*** Opening Records for the exercise ***

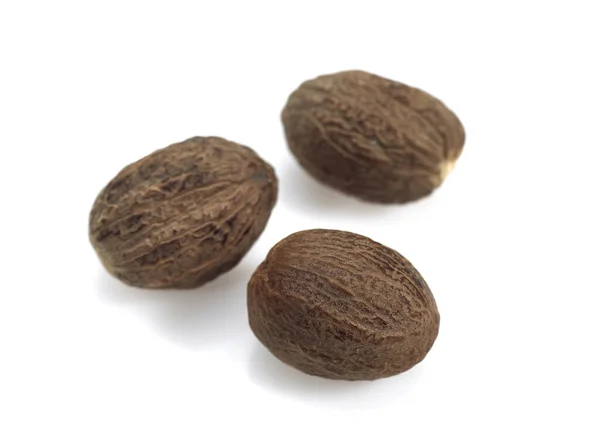 Nutmeg Myristica Fragrans White Background — 스톡 사진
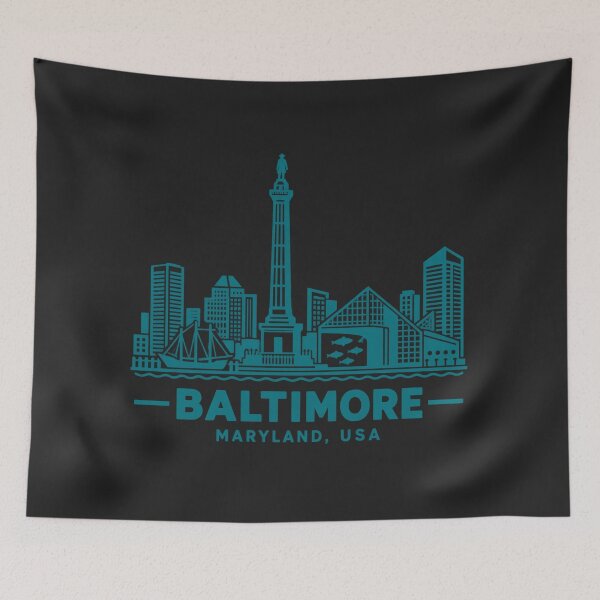 Item preview, Baltimore Maryland USA Line Art Skyline Poster designed and sold by CMYKStudio.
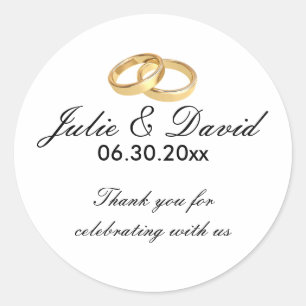 Gold Wedding Rings Thank You Sticker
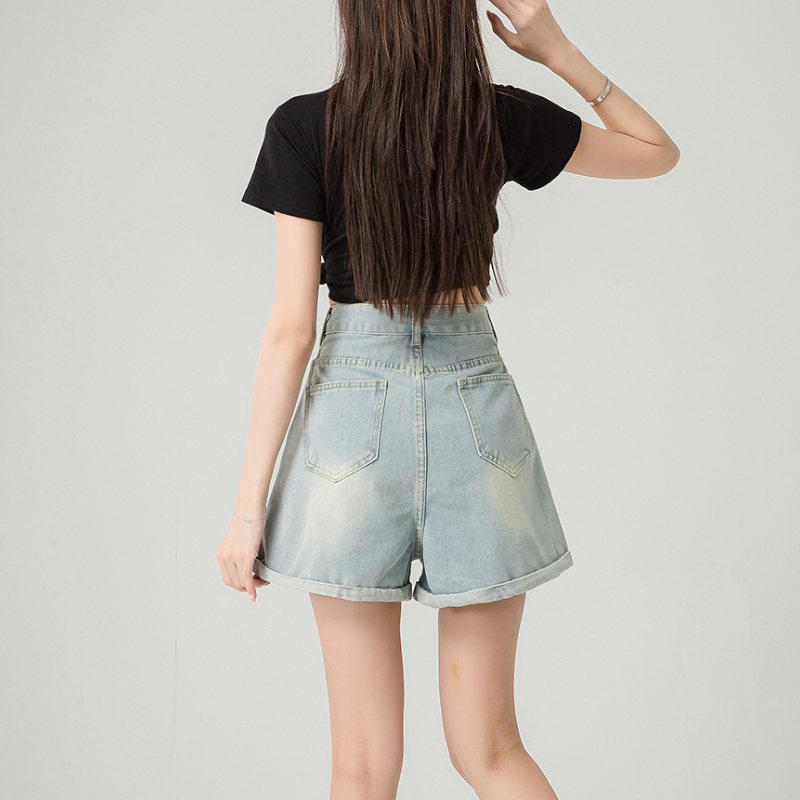 高腰口袋顯瘦寬腿A字牛仔短褲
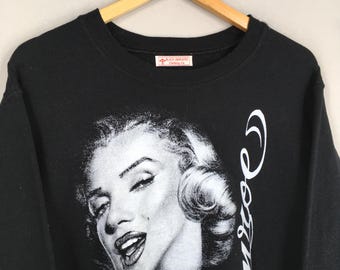 Vintage Marilyn Monroe Idol Black Sweatshirt Small 80s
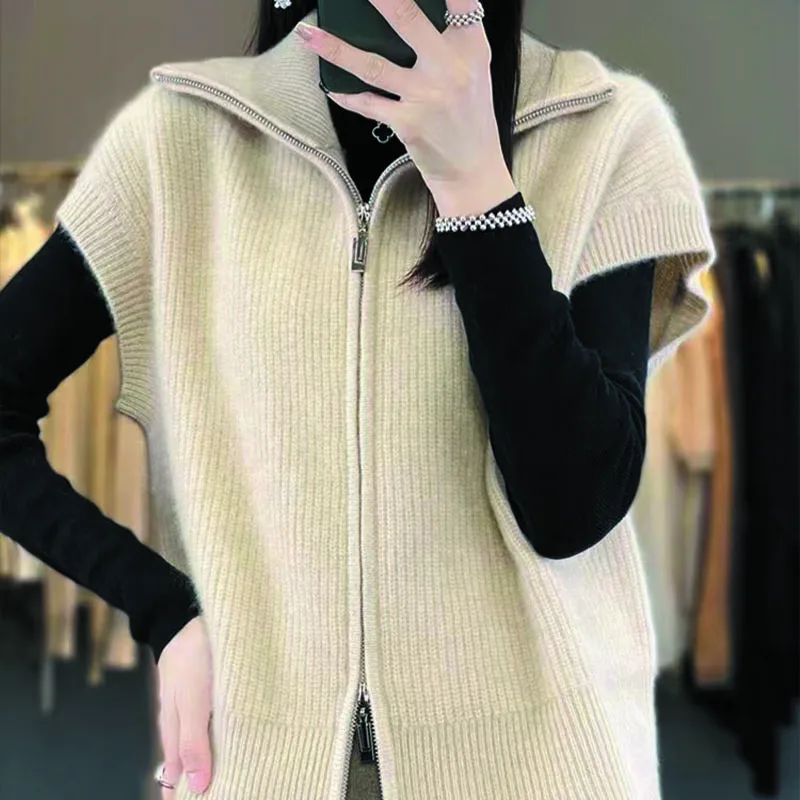 

New Autumn And Winter Women's High-Necked Double Zipper Wool Knit Cardigan Vest Lapel And Short-Sleeved Coat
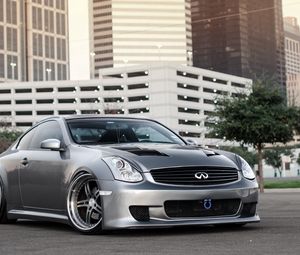 Preview wallpaper infiniti g35, blue, city, light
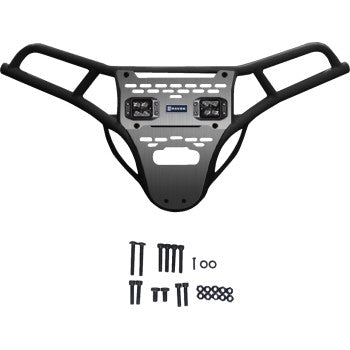 RAVEK Front Bumper/Skid Plate with Amber Lights - Black - RZR XP 1000 64-317BKLA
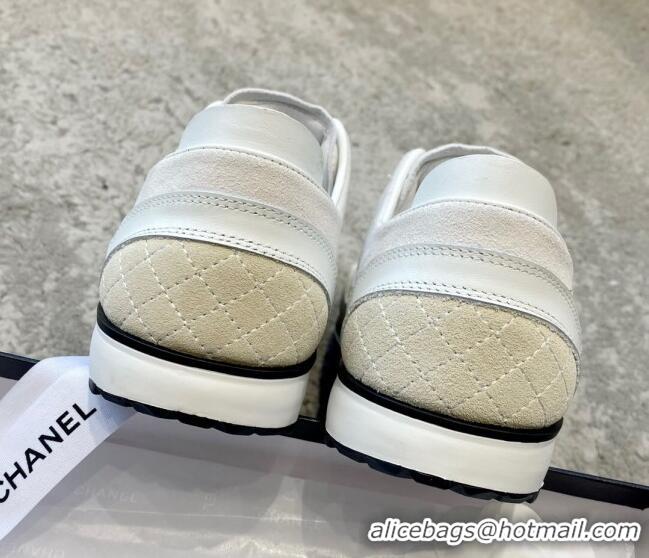 Duplicate Chanel Fabric, Suede & Calfskin Sneakers G40012 White/Light Grey 030256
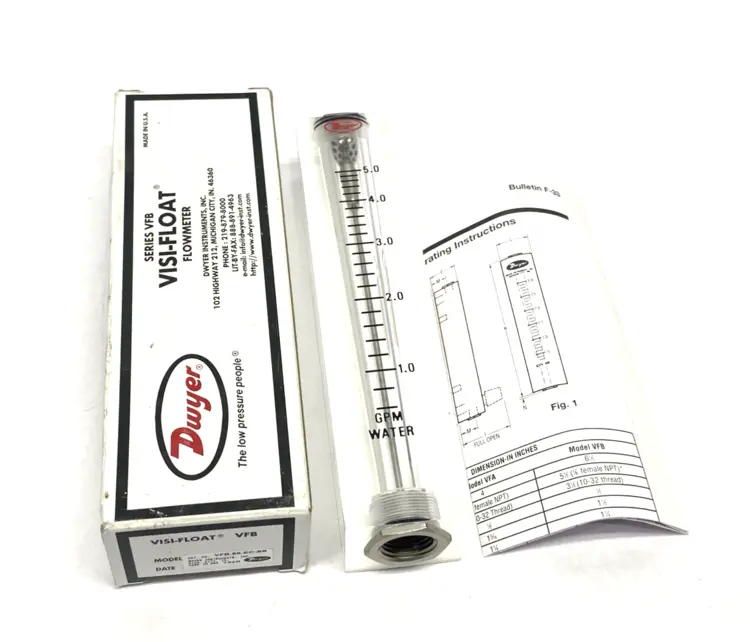 New | in-Stock Dwyer VISI-FLOAT Flowmeter VFB,0.6-5 GPM Water,4-in. Scale Flowmeters Michigan US | Maverick Industrial Sales #1419238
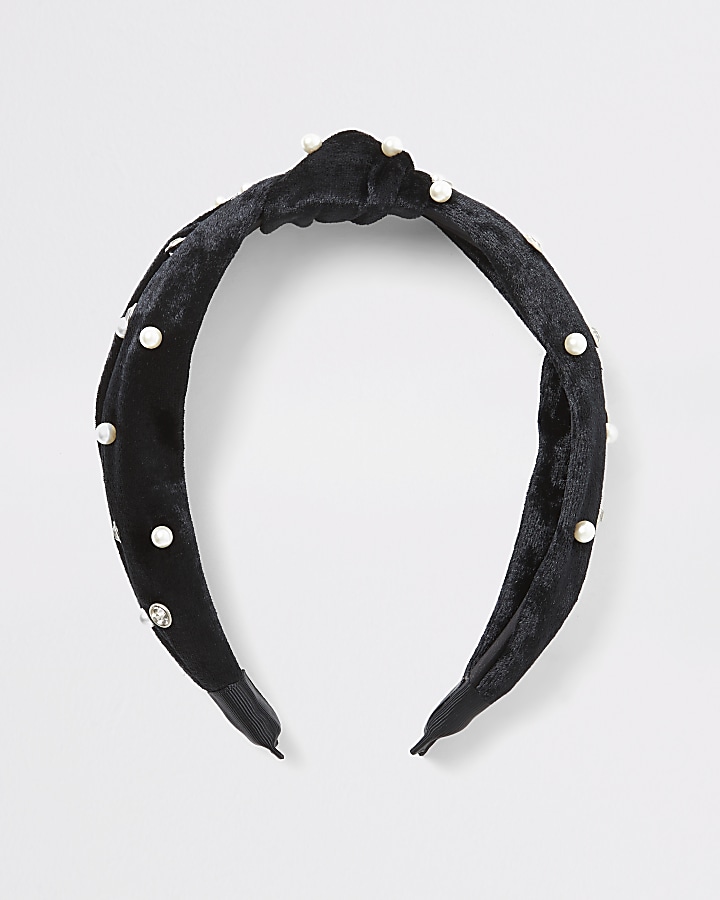Black velvet faux pearl embellished headband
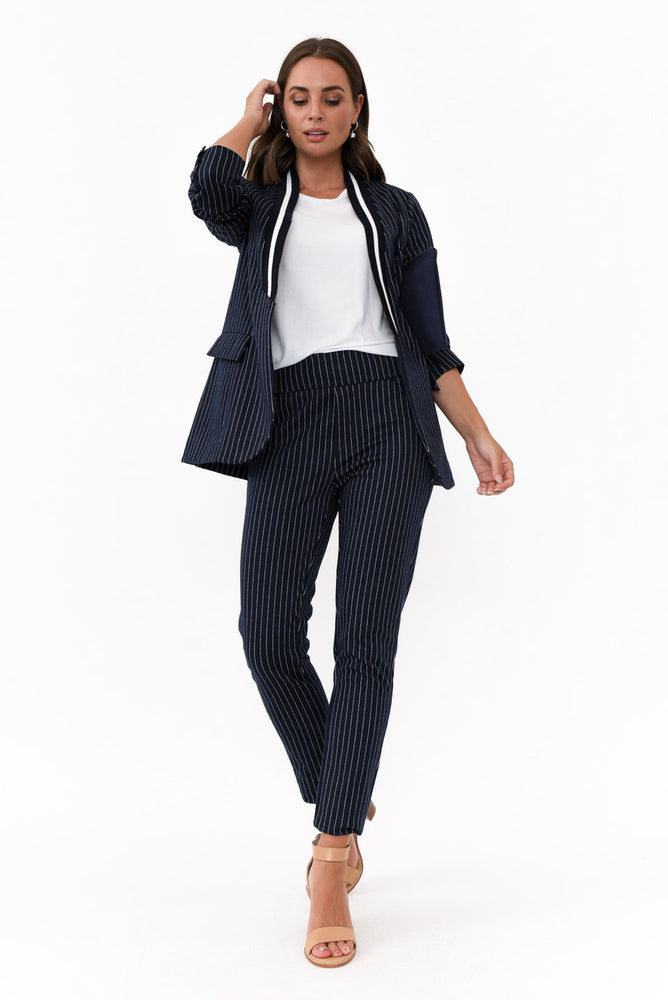 
            
                Load image into Gallery viewer, Ascot Pinstripe Pull On Pant - Black
            
        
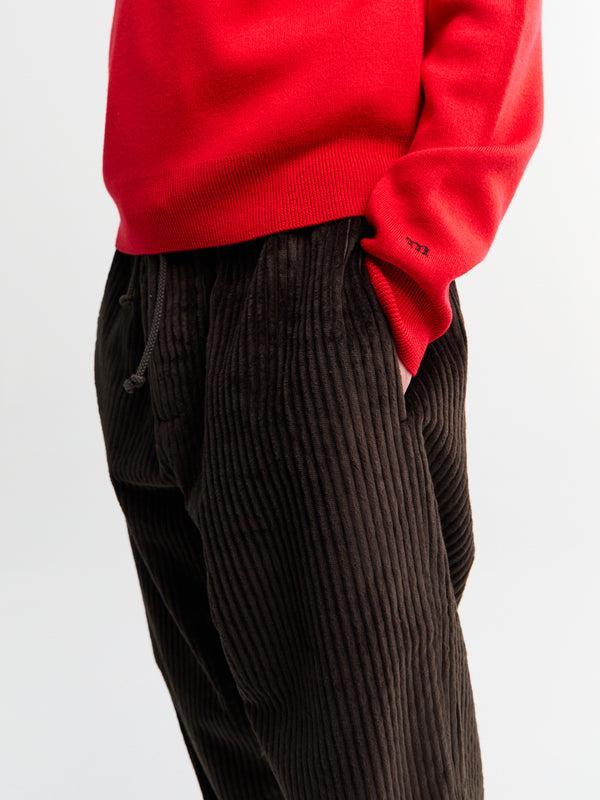 Stoy Ed Unlined Exaggerated Cotton Corduroy Drawstring Trousers In Dark Chocolate Brown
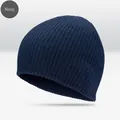 Premium marineblaue dünne Strickmütze für Herren und Damen, warme Winterkopfbedeckung - 55-60cm / Marineblau
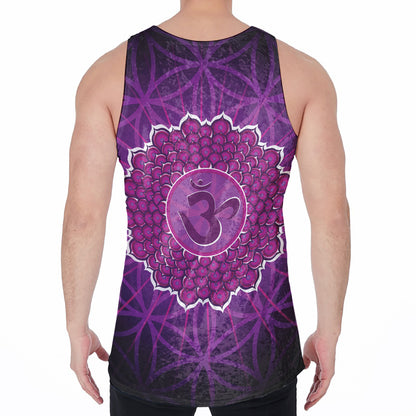 Sahasrara Chakra Spiritual Print Men's Velvet Tank Top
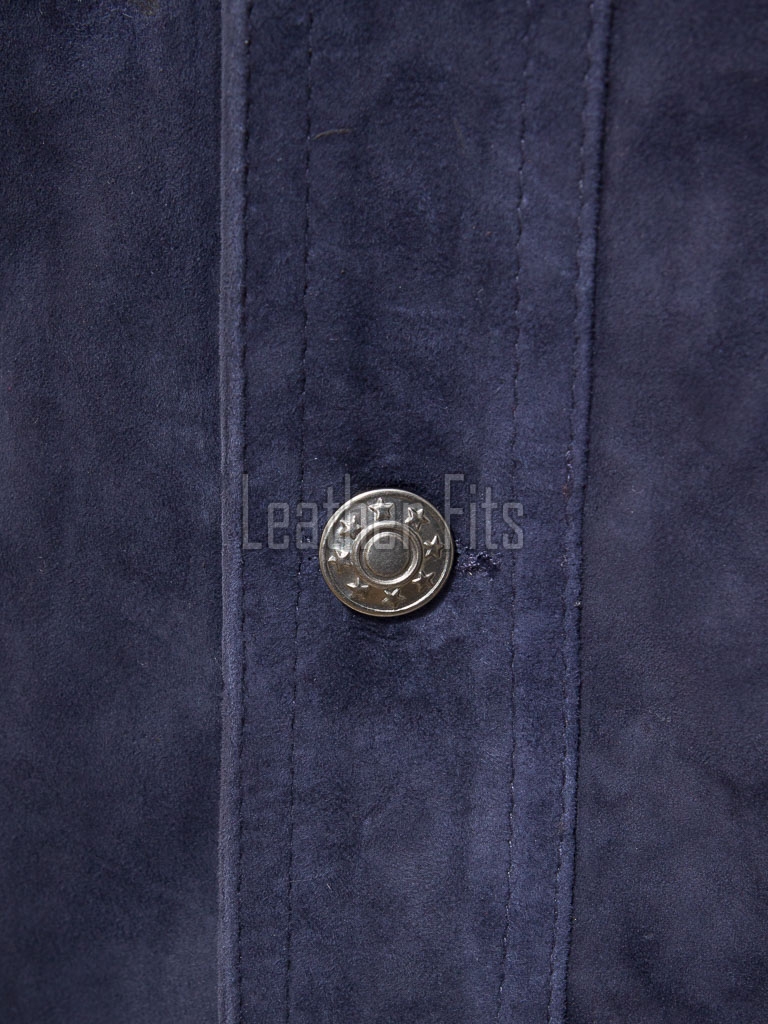Men Navy Blue Suede Trucker Jacket | Premium Genuine Midnight Indigo Leather Western Shacket | Vintage Casual Button Up Fitted Outerwear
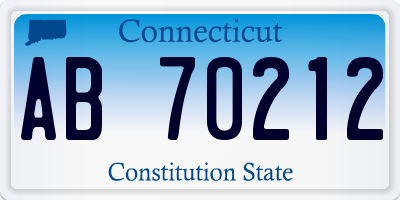 CT license plate AB70212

*** Closing Records for the exercise ***

## Task statement
The records above are to be restated exactly, with all pictures omitted.

## Result of the exercise
 Nutmeg Myristica Fragrans White Background — 스톡 사진
 Item preview, Baltimore Maryland USA Line Art Skyline Poster designed and sold by CMYKStudio.
 Gold Wedding Rings Thank You Sticker
 高腰口袋顯瘦寬腿A字牛仔短褲
 Vintage Marilyn Monroe Idol Black Sweatshirt Small 80s

New Autumn And Winter Women's High-Necked Double Zipper Wool Knit Cardigan Vest Lapel And Short-Sleeved Coat
 Preview wallpaper infiniti g35, blue, city, light
 RAVEK Front Bumper/Skid Plate with Amber Lights - Black - RZR XP 1000 64-317BKLA
 Duplicate Chanel Fabric, Suede & Calfskin Sneakers G40012 White/Light Grey 030256
 New | in-Stock Dwyer VISI-FLOAT Flowmeter VFB,0.6-5 GPM Water,4-in. Scale Flowmeters Michigan US | Maverick Industrial Sales #1419238
Black velvet faux pearl embellished headband
            
                Load image into Gallery viewer, Ascot Pinstripe Pull On Pant - Black
            
        
 Stoy Ed Unlined Exaggerated Cotton Corduroy Drawstring Trousers In Dark Chocolate Brown
 Premium marineblaue dünne Strickmütze für Herren und Damen, warme Winterkopfbedeckung - 55-60cm / Marineblau
 Sahasrara Chakra Spiritual Print Men's Velvet Tank Top
Men Navy Blue Suede Trucker Jacket | Premium Genuine Midnight Indigo Leather Western Shacket | Vintage Casual Button Up Fitted Outerwear
 CT license plate AB70212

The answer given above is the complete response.